+++ Source records +++

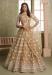 Picture of Enticing Net Bisque Lehenga Choli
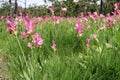 Curcuma in meadow Royalty Free Stock Photo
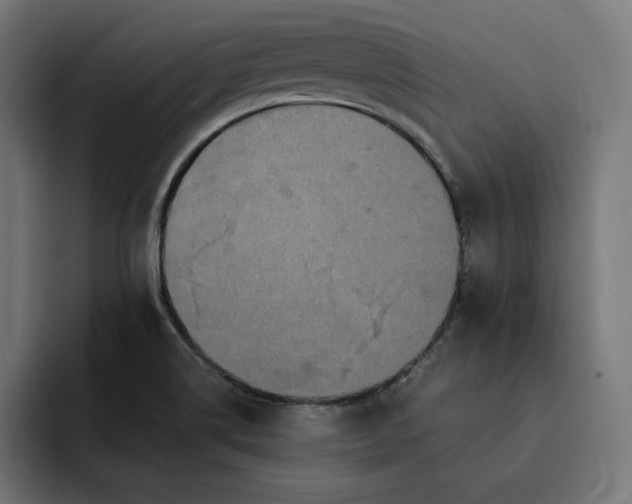 X0000093131514200710101049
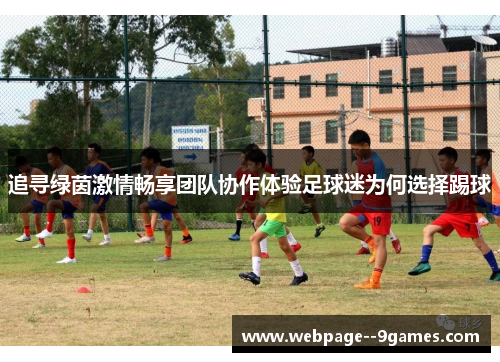 追寻绿茵激情畅享团队协作体验足球迷为何选择踢球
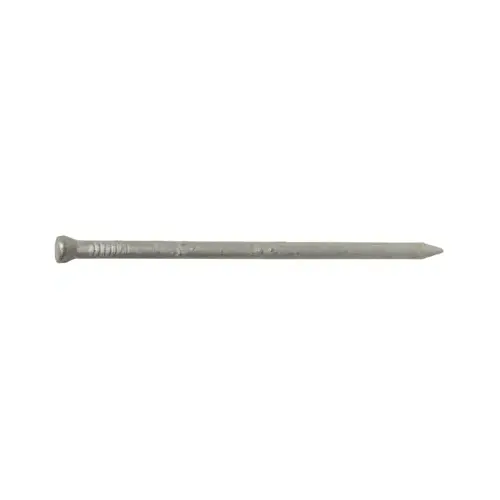 8D Galvanized Casing Nails, 2.5-In., 1-Lb.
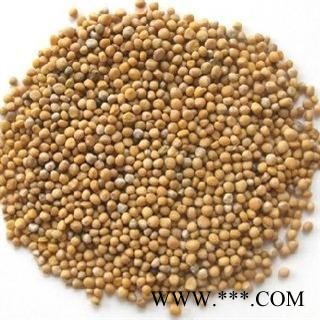 白芥子 统 产地 安徽省亳州市谯城区图3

+++

_Activity_. Set down all of the entries precisely and keep the pictures out of the copy.

_Finished exercise_.
 Picture of Enticing Net Bisque Lehenga Choli
 Curcuma in meadow Royalty Free Stock Photo
 X0000093131514200710101049
 追寻绿茵激情畅享团队协作体验足球迷为何选择踢球
 8D Galvanized Casing Nails, 2.5-In., 1-Lb.
 白芥子 统 产地 安徽省亳州市谯城区图3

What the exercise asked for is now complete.